[Your goal] Exactly as they stand, give the records below again, with no images.

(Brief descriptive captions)
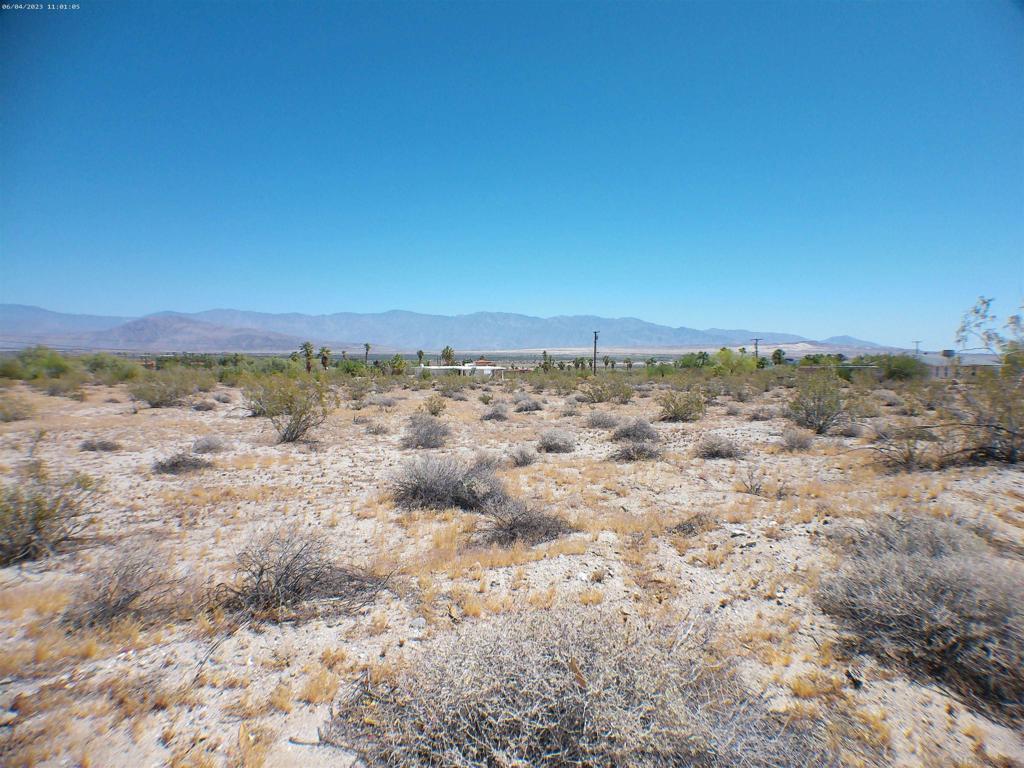 This 1.26 acre parcel is in the Rancho Borrego Subdivision wonderfully located adjacent to La Casa Del Zorro Resort & Rams Hill Gated Country Club. This lot is set on higher ground with awesome views. Land has ready access to water (In Street) & Utilities for building your dream home. Prime location - five lots from Yaqui Pass Road. Borrego Springs is designated as an International Dark Sky Community which makes it the perfect spot for stargazing. Borrego Springs is surrounded & protected by the Anza-Borrego Desert State Park with hiking trails, wildlife viewing, exploring the desert landscape and off-roading in nearby Ocotillo Wells. Incredible Mountain and Valley Views. Borrego Springs is less than a 2 hour drive to San Diego and Temecula. Next to 1748 Indigo Ln.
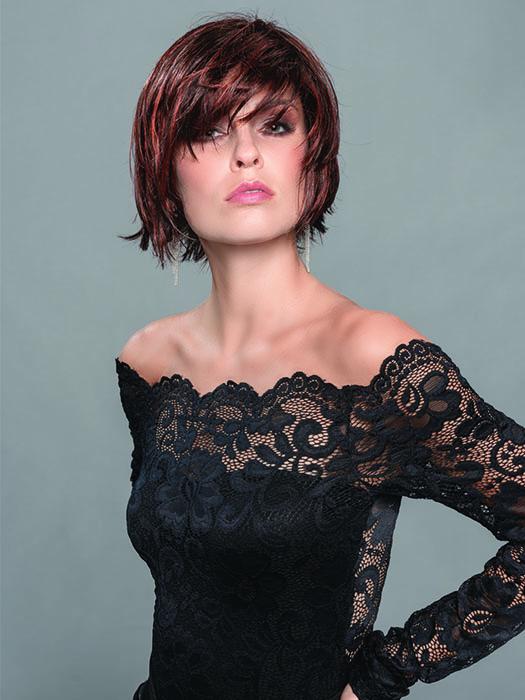 Echo | Synthetic Lace Front Wig (Mono Part) | CLOSEOUT - Musesware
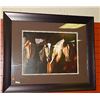 Image 1 : FRAMED PRINT - THE INFAMOUS TRIO - GALLERY APPROX. $500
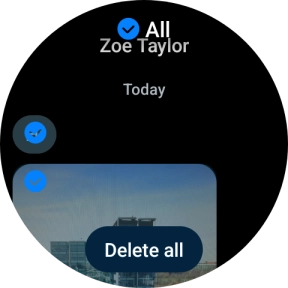 Press Delete all.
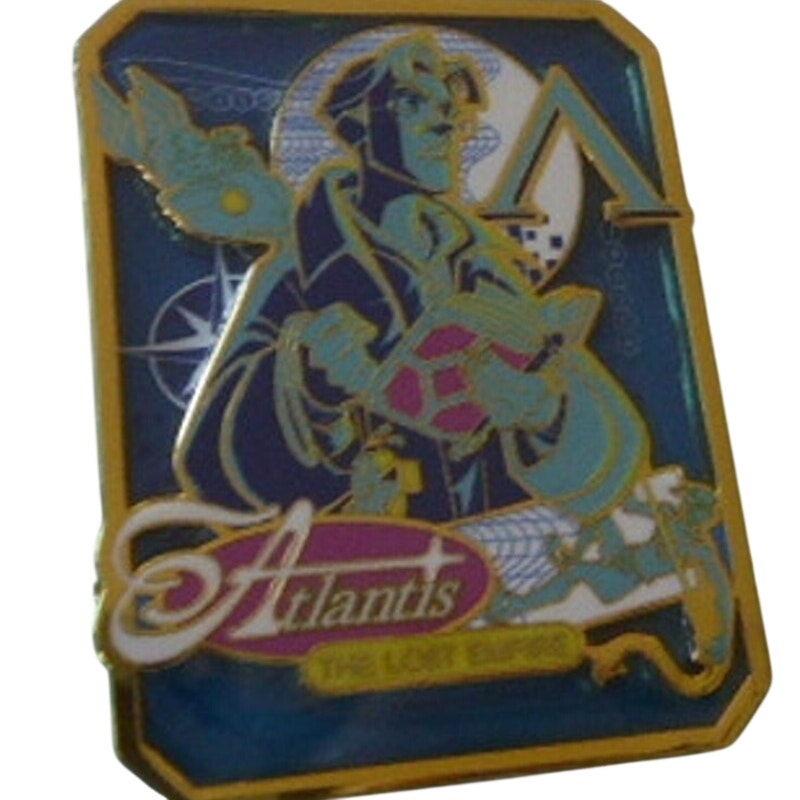 Monogram - Milo Thatch - Atlantis: The Lost Empire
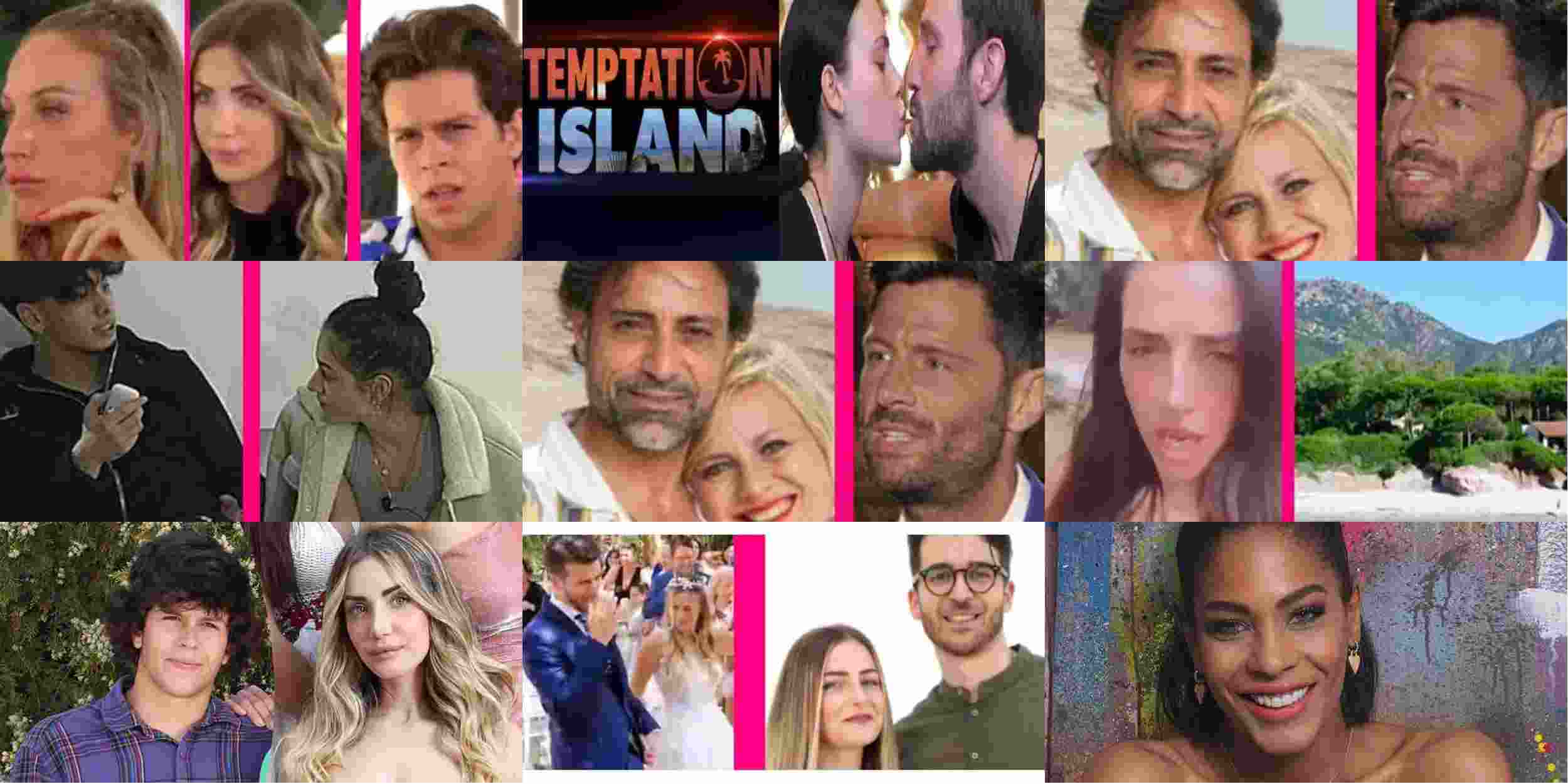 Temptation Island, Tommaso rivuole Valentina ma la single Giulia lo sbugiarda: “Ci ha provato”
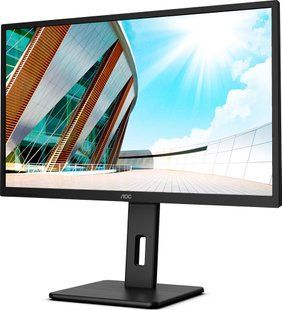 Монiтор AOC 31.5" Q32P2 IPS Black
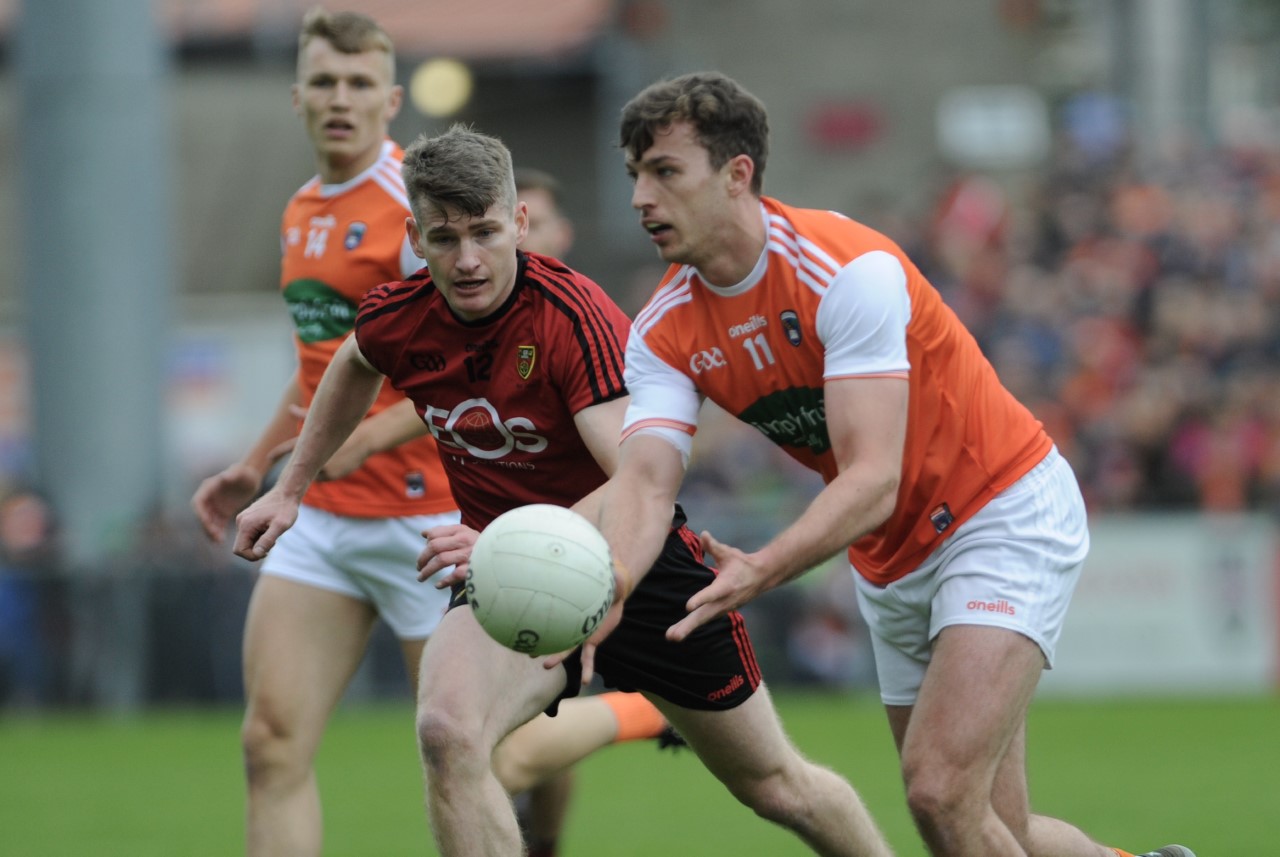 Armagh advance in classic Ulster Senior Championship clash at Páirc Esler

[Task answer]
 This 1.26 acre parcel is in the Rancho Borrego Subdivision wonderfully located adjacent to La Casa Del Zorro Resort & Rams Hill Gated Country Club. This lot is set on higher ground with awesome views. Land has ready access to water (In Street) & Utilities for building your dream home. Prime location - five lots from Yaqui Pass Road. Borrego Springs is designated as an International Dark Sky Community which makes it the perfect spot for stargazing. Borrego Springs is surrounded & protected by the Anza-Borrego Desert State Park with hiking trails, wildlife viewing, exploring the desert landscape and off-roading in nearby Ocotillo Wells. Incredible Mountain and Valley Views. Borrego Springs is less than a 2 hour drive to San Diego and Temecula. Next to 1748 Indigo Ln.
 Echo | Synthetic Lace Front Wig (Mono Part) | CLOSEOUT - Musesware
 Image 1 : FRAMED PRINT - THE INFAMOUS TRIO - GALLERY APPROX. $500
 Press Delete all.
 Monogram - Milo Thatch - Atlantis: The Lost Empire
 Temptation Island, Tommaso rivuole Valentina ma la single Giulia lo sbugiarda: “Ci ha provato”
 Монiтор AOC 31.5" Q32P2 IPS Black
 Armagh advance in classic Ulster Senior Championship clash at Páirc Esler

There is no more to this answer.